From Galileo to the Crusades to the Spanish Inquisition, the Roman Catholic church has been the cause of many headaches around the globe. I was raised Catholic and have lived under the influence of my Catholic upbringing since I can remember.While I am happy for the moral compass that the church has hardwired into my decision making process, I loathed the Saturday morning CCD classes of my youth and the weeknight CCD classes of the final years that led to my Confirmation.

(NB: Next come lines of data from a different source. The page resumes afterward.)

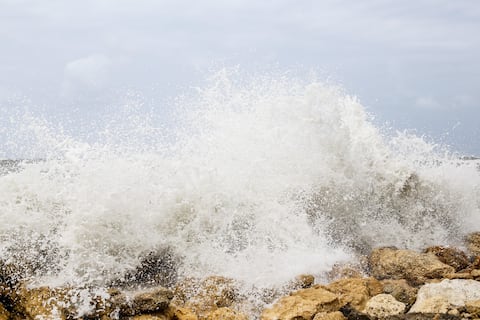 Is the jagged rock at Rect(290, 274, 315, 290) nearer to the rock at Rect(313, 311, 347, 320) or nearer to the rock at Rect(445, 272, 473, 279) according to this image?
the rock at Rect(313, 311, 347, 320)

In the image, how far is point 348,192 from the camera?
7.77 meters

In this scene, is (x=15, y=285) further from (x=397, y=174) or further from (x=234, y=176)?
(x=397, y=174)

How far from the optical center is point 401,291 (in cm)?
469

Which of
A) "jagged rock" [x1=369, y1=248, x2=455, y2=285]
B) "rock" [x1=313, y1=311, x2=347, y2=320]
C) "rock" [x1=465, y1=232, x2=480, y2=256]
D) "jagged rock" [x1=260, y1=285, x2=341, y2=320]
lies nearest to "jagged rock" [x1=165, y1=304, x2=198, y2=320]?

Why? Mainly because it counted as an extra day of "church" during the week. The weekly masses rarely offered anything of value to the entertainment center of my brain, but once in a while I took something away from our Noon sessions at Our Lady of the Blessed Sacrament that stuck with me.
That probably explains why I could count on one hand the number of times I attended mass after I left home for the U.S. Army. Were it not for Kathy and my transition from swinging single to happily involved father, that would still likely be the case.
Despite dragging my feet from the door to the pew, I take more away from mass as an adult than I ever did as a kid. In the past four years I've attended enough masses to critique the masses and form opinions of them and the people who preside over them. I think the part I like the most about the church is the sense of community.
Much like Buffalo, the majority of people in Saipan are Catholic. The locals here were assimilated into the faith by force from the Spanish who all but wiped out the indigenous population nearly 500 years ago while the folks from the mainland brought religion with them from Europe.
Now Magellan and his bible wielding conquistadors are invading my wedding plans. If wedding planning weren't already stressful enough, the change in service from non-Catholic to Catholic has upped the ante considerably.
Kathy and I went from a beautiful beach wedding plan to an apostolic nightmare, replete with an abundance of familial influence, cultural clashes between a landowner and the priest (to put it extremely kind without crucifying a certain angry woman who works for the church), and a boatload of scheduling and issues that have brought a typhoon of discontent upon us with little more than a month before we exchange our vows.
How bad is it? I am ready to scrap the church's influence from our wedding and walk away from the church forever. Seriously. Why won't I do it? Because I who would rather make Kathy happy and not add an all-out family revolt against yours truly.The other reason is that despite all of my gripes, I would still rather raise our son with the same moral values that were drilled into my brain as a kid.
So what I'm left with is a pain in my ass the size of the Vatican and little more than a month to put it all together.